• _WORK REQUEST_: Output the data as it stands. Each line must match exactly.

Top of SUPPLIED INFORMATION

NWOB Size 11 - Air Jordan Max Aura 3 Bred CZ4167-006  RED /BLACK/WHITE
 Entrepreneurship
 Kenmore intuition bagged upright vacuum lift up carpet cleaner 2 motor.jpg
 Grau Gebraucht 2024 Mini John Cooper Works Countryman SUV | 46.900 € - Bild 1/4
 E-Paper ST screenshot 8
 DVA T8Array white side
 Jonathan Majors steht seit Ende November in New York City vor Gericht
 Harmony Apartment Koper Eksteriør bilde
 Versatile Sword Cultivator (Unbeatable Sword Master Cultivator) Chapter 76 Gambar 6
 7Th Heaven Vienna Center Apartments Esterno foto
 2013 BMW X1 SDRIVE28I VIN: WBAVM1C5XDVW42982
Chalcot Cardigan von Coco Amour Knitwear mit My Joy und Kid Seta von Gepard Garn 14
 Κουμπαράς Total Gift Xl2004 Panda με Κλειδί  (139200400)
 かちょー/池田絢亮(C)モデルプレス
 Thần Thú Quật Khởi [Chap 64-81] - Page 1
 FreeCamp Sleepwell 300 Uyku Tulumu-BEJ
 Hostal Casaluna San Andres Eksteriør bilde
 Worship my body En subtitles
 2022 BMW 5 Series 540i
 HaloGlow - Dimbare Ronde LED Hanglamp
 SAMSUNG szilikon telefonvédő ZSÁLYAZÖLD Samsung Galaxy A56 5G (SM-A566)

Bottom of SUPPLIED INFORMATION

• _TASK SOLUTION_:
NWOB Size 11 - Air Jordan Max Aura 3 Bred CZ4167-006  RED /BLACK/WHITE
 Entrepreneurship
 Kenmore intuition bagged upright vacuum lift up carpet cleaner 2 motor.jpg
 Grau Gebraucht 2024 Mini John Cooper Works Countryman SUV | 46.900 € - Bild 1/4
 E-Paper ST screenshot 8
 DVA T8Array white side
 Jonathan Majors steht seit Ende November in New York City vor Gericht
 Harmony Apartment Koper Eksteriør bilde
 Versatile Sword Cultivator (Unbeatable Sword Master Cultivator) Chapter 76 Gambar 6
 7Th Heaven Vienna Center Apartments Esterno foto
 2013 BMW X1 SDRIVE28I VIN: WBAVM1C5XDVW42982
Chalcot Cardigan von Coco Amour Knitwear mit My Joy und Kid Seta von Gepard Garn 14
 Κουμπαράς Total Gift Xl2004 Panda με Κλειδί  (139200400)
 かちょー/池田絢亮(C)モデルプレス
 Thần Thú Quật Khởi [Chap 64-81] - Page 1
 FreeCamp Sleepwell 300 Uyku Tulumu-BEJ
 Hostal Casaluna San Andres Eksteriør bilde
 Worship my body En subtitles
 2022 BMW 5 Series 540i
 HaloGlow - Dimbare Ronde LED Hanglamp
 SAMSUNG szilikon telefonvédő ZSÁLYAZÖLD Samsung Galaxy A56 5G (SM-A566)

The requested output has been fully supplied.